=== ACTIVITY ===
Beginning with the line below that contains "Làm sao biết Facebook có bị hack không?" and ending with the line that contains "the paul lynde show", retype every line exactly. Pictures are not copied.

BEGIN GIVEN DATA

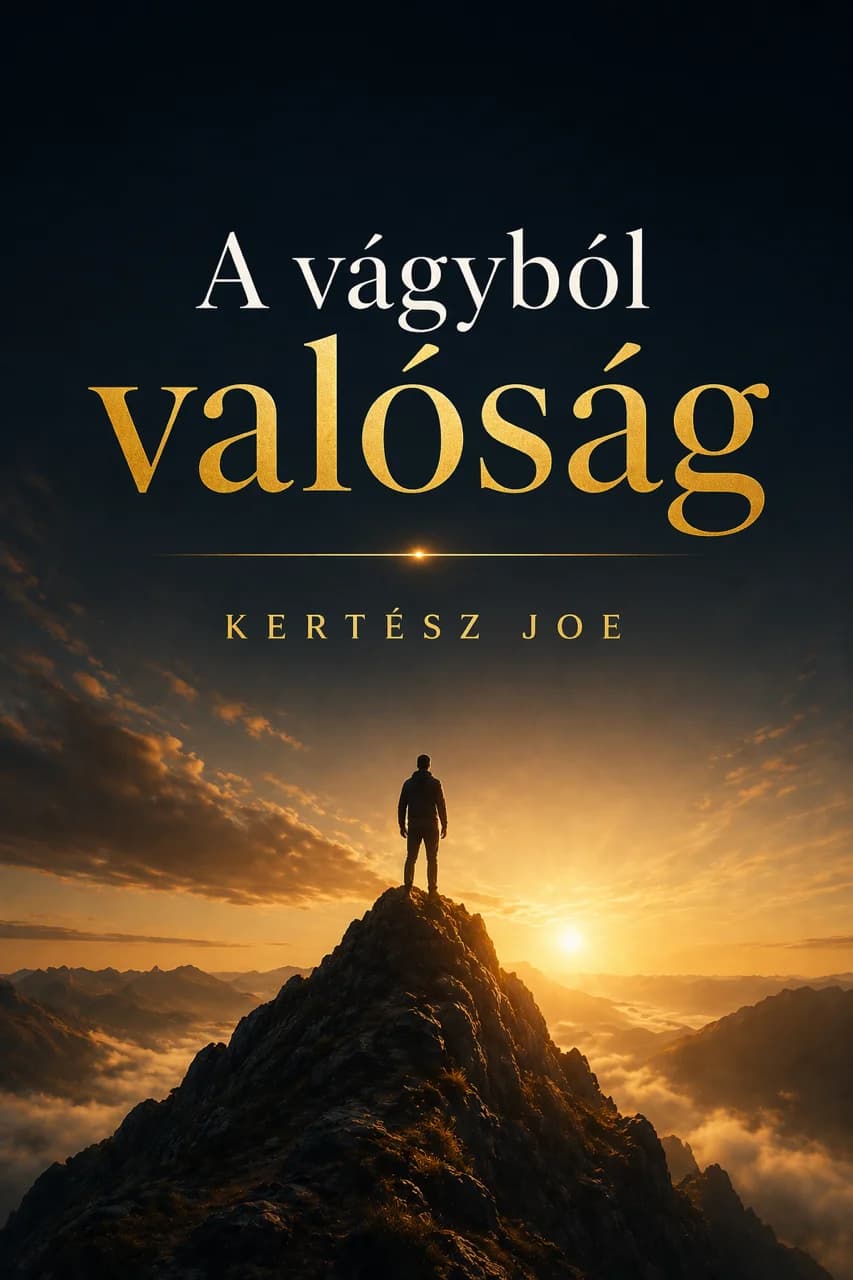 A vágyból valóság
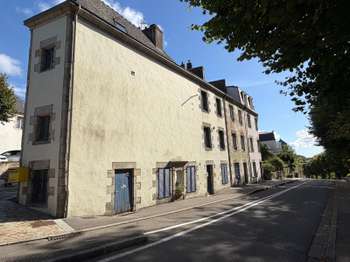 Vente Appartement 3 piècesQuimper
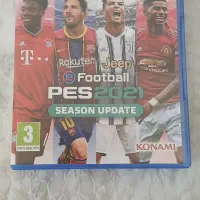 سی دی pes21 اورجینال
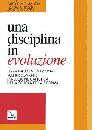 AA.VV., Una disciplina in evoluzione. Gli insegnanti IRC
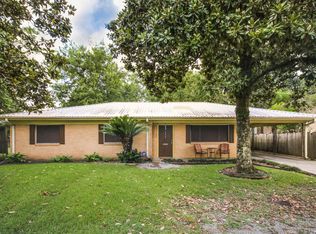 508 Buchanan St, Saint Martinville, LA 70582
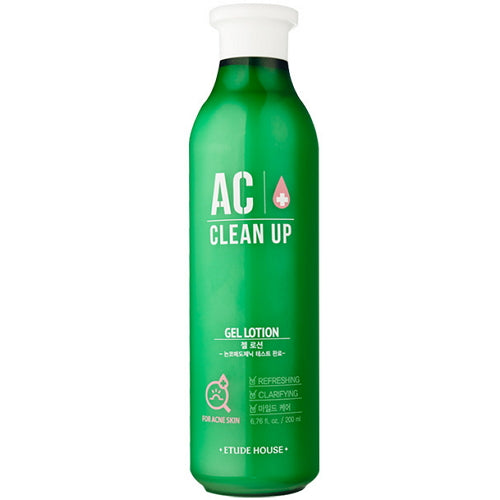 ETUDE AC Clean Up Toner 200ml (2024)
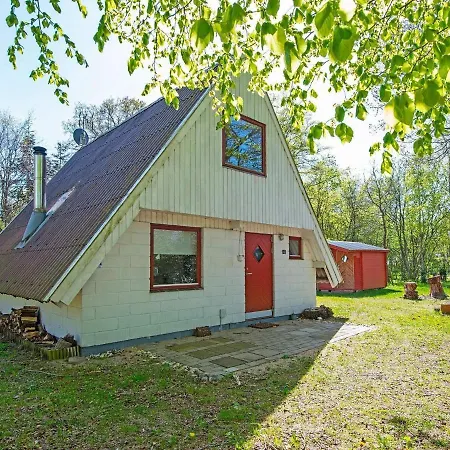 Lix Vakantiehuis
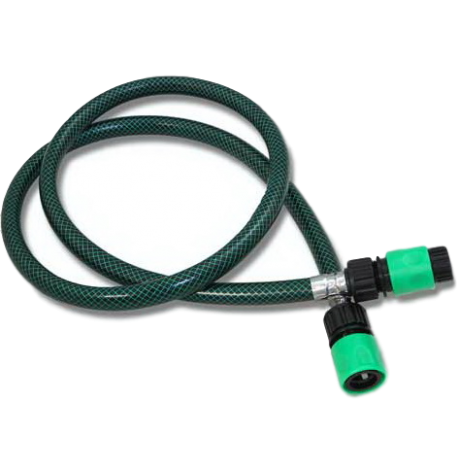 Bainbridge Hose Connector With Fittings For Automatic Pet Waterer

END GIVEN DATA
BEGIN GIVEN DATA

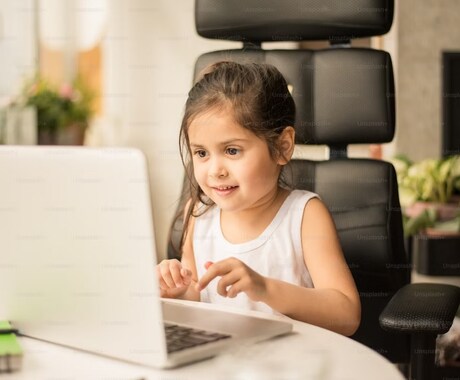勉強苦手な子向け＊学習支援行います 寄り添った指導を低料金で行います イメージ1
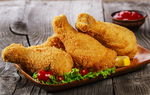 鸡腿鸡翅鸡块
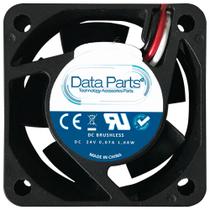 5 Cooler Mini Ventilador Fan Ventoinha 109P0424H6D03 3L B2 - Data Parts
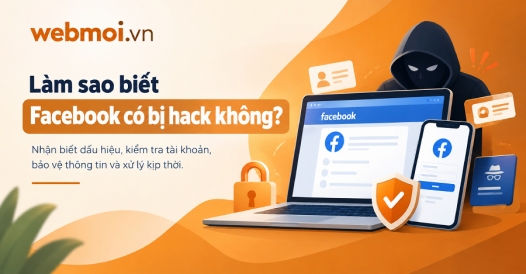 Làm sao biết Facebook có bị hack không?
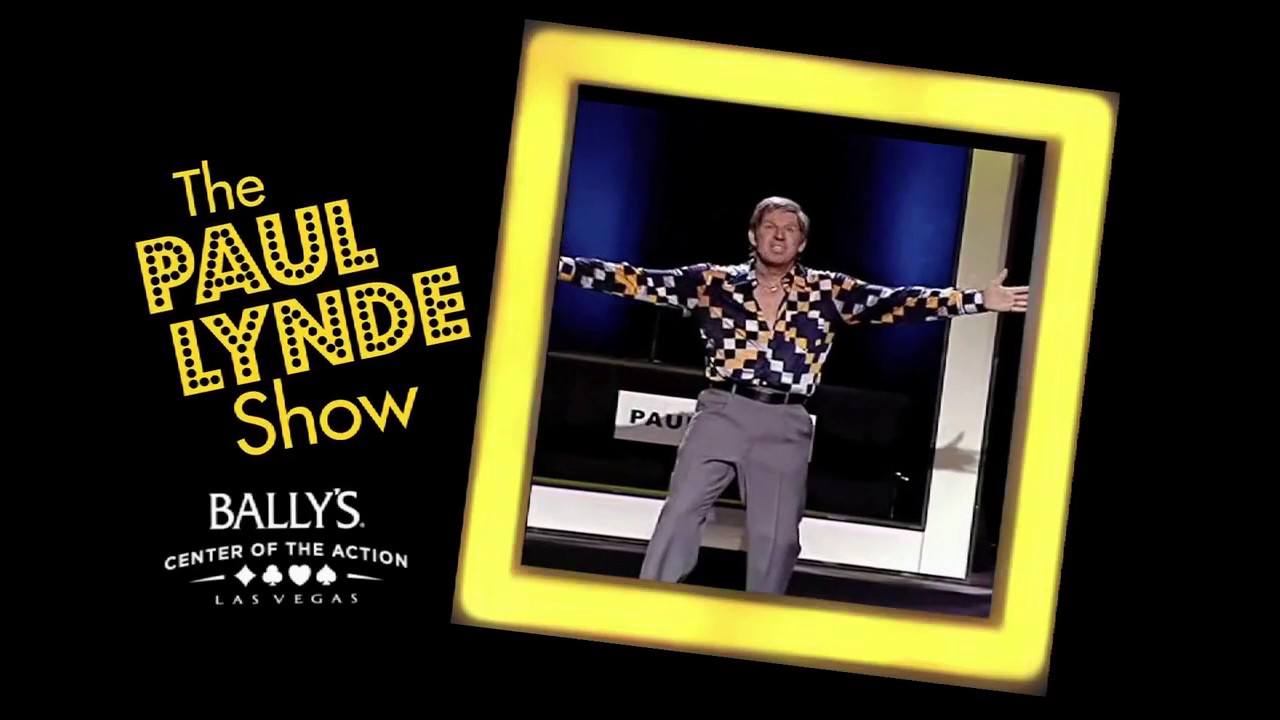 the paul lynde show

END GIVEN DATA

=== TASK OUTPUT ===
 Làm sao biết Facebook có bị hack không?
 the paul lynde show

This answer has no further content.